[Dataset entries]

******

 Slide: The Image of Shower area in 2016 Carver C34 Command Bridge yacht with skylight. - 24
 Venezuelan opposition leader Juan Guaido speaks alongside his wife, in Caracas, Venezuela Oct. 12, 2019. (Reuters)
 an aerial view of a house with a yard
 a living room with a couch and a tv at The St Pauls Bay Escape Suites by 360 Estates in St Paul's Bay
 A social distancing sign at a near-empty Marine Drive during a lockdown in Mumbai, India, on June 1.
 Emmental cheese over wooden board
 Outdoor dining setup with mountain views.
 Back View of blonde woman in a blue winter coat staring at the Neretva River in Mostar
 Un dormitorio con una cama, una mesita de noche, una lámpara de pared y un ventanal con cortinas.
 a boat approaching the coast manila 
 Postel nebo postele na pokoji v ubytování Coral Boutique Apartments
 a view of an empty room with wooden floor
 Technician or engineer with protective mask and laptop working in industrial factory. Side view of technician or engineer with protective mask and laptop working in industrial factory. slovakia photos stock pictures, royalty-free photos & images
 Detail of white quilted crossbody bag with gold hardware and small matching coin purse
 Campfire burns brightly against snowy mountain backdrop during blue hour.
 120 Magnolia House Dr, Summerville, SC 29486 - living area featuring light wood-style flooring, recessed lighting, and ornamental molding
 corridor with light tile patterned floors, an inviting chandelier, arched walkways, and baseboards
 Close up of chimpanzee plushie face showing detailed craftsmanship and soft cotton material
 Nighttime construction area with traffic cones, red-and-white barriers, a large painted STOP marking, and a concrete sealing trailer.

******

§ **ABOUT THIS TASK**: Give back every entry above, complete and exact.

§ **RESPONSE**:
 Slide: The Image of Shower area in 2016 Carver C34 Command Bridge yacht with skylight. - 24
 Venezuelan opposition leader Juan Guaido speaks alongside his wife, in Caracas, Venezuela Oct. 12, 2019. (Reuters)
 an aerial view of a house with a yard
 a living room with a couch and a tv at The St Pauls Bay Escape Suites by 360 Estates in St Paul's Bay
 A social distancing sign at a near-empty Marine Drive during a lockdown in Mumbai, India, on June 1.
 Emmental cheese over wooden board
 Outdoor dining setup with mountain views.
 Back View of blonde woman in a blue winter coat staring at the Neretva River in Mostar
 Un dormitorio con una cama, una mesita de noche, una lámpara de pared y un ventanal con cortinas.
 a boat approaching the coast manila 
 Postel nebo postele na pokoji v ubytování Coral Boutique Apartments
 a view of an empty room with wooden floor
 Technician or engineer with protective mask and laptop working in industrial factory. Side view of technician or engineer with protective mask and laptop working in industrial factory. slovakia photos stock pictures, royalty-free photos & images
 Detail of white quilted crossbody bag with gold hardware and small matching coin purse
 Campfire burns brightly against snowy mountain backdrop during blue hour.
 120 Magnolia House Dr, Summerville, SC 29486 - living area featuring light wood-style flooring, recessed lighting, and ornamental molding
 corridor with light tile patterned floors, an inviting chandelier, arched walkways, and baseboards
 Close up of chimpanzee plushie face showing detailed craftsmanship and soft cotton material
 Nighttime construction area with traffic cones, red-and-white barriers, a large painted STOP marking, and a concrete sealing trailer.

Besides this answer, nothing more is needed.